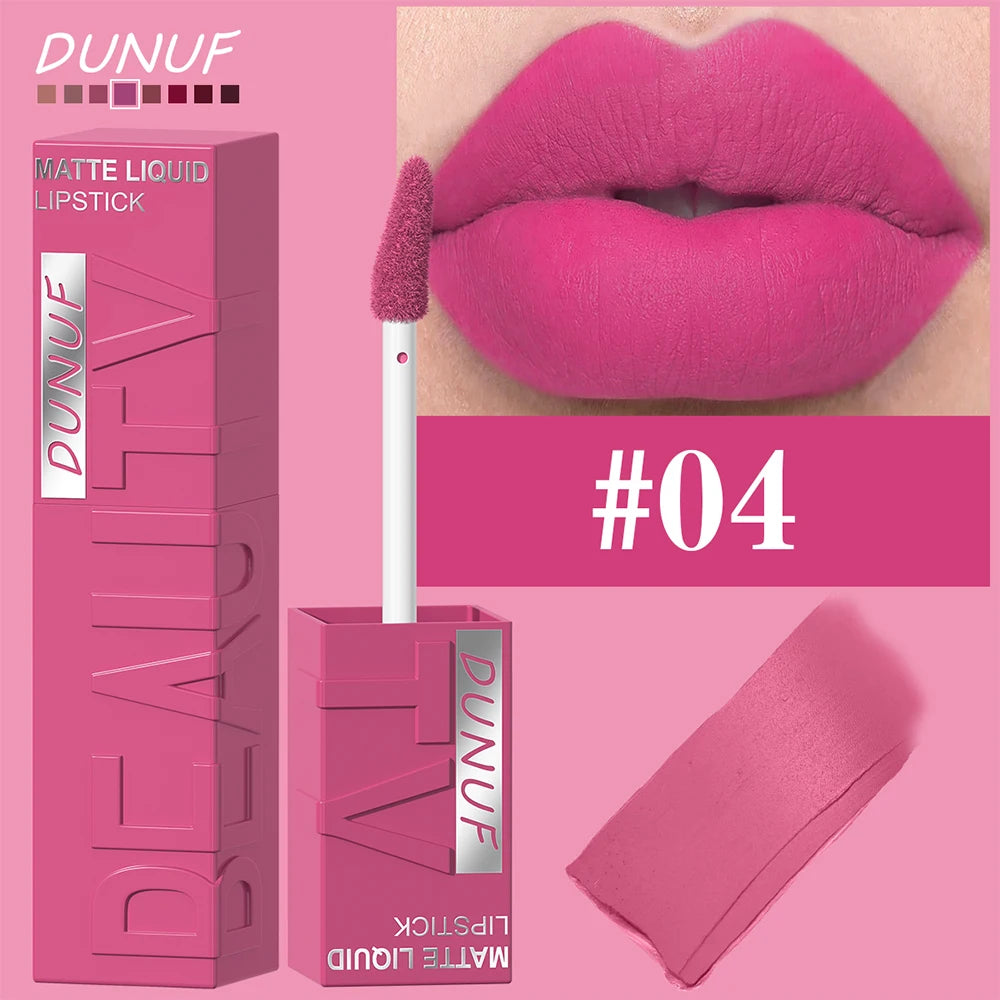 DUNUF Smooth Velvet Matte Lipstick – 3D Plumping & Waterproof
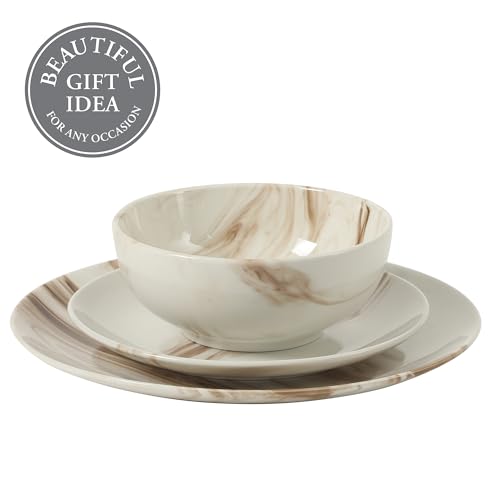 Cloudlight 12 Piece Plates and Bowls Dishes Brown and White (Service for 4 (12pcs) / Brown & White (Cloudlight))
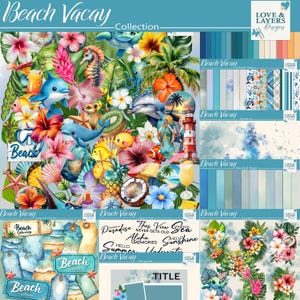May include: A digital art collection titled "Beach Vacay" featuring tropical flowers, marine life, and beach-themed elements. The design includes dolphins, seahorses, and text elements like "Paradise" and "Sunshine". The color palette is vibrant with blues, greens, and pinks.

■ What the exercise asks:
Set down again, exactly, the lines of the material above from its first line to the one with "Cloudlight 12 Piece", inclusive. Leave the pictures out.

■ Exercise answer:
 DUNUF Smooth Velvet Matte Lipstick – 3D Plumping & Waterproof
 Cloudlight 12 Piece Plates and Bowls Dishes Brown and White (Service for 4 (12pcs) / Brown & White (Cloudlight))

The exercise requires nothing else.